Sie promovieren in Mathematik und haben schon mehrere Auslandsaufenthalte integriert. Macht die Verständigung mit Zahlen und Gleichungen den internationalen Austausch leichter?

Wenn wir in der Mathematik über unsere Forschung sprechen, nutzen wir Englisch, was nun zufällig meine Muttersprache ist. Deutsch lerne ich aktuell noch und mir ist dabei etwas aufgefallen: Ich finde es deutlich einfacher, mich über Mathematik auf Deutsch zu unterhalten, während mir Konversationen im Alltag oft noch viel schwerer fallen. Ich glaube das liegt daran, dass die Struktur mathematischer Begründungen, mathematischen Denkens zum großen Teil universell und unabhängig von der Sprache ist. Das macht Mathematik für mich zur besten Möglichkeit, mein Deutsch zu verbessern!

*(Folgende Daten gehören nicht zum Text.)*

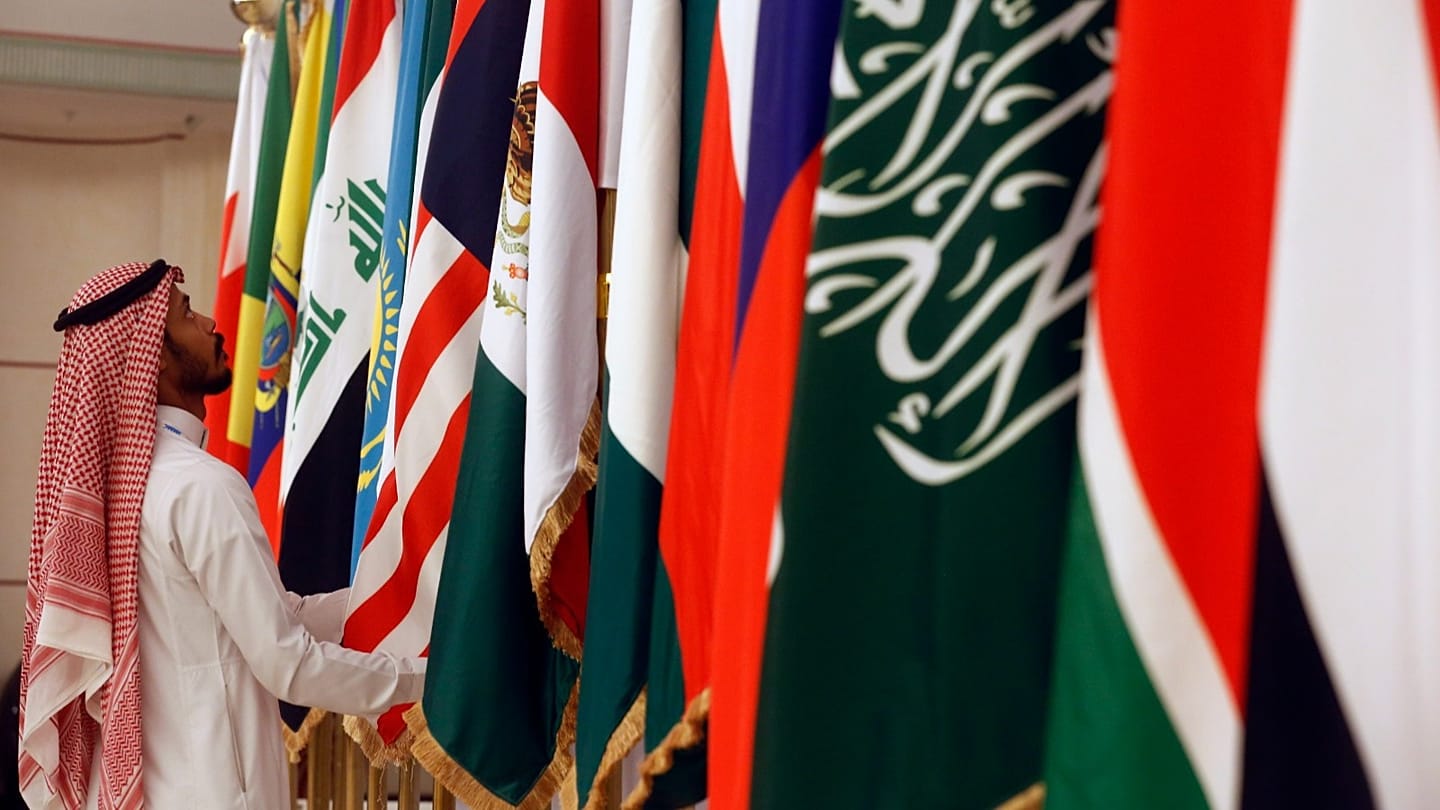 مقترح عراقي لتأسيس مجلس أمني يجمع السعودية وإيران.. هل تنجح بغداد في إنهاء أزمة الثقة؟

Interessant! Während Ihres Aufenthalts in São Paulo haben Sie auch selbst gelehrt, richtig? 

Ja, ich leitete ein Seminar zu Graphen-Theorie für Masterstudierende und Promovierende – aber nicht auf Portugiesisch, sondern auf Englisch. Und es war auch nicht mein erstes Mal, vor Kommilitoninnen oder Kollegen Vorträge zu halten. Auch in Birmingham und Freiberg habe ich Übungen für Studierende geleitet, oder habe meine Forschung schon in Ottawa und London präsentiert.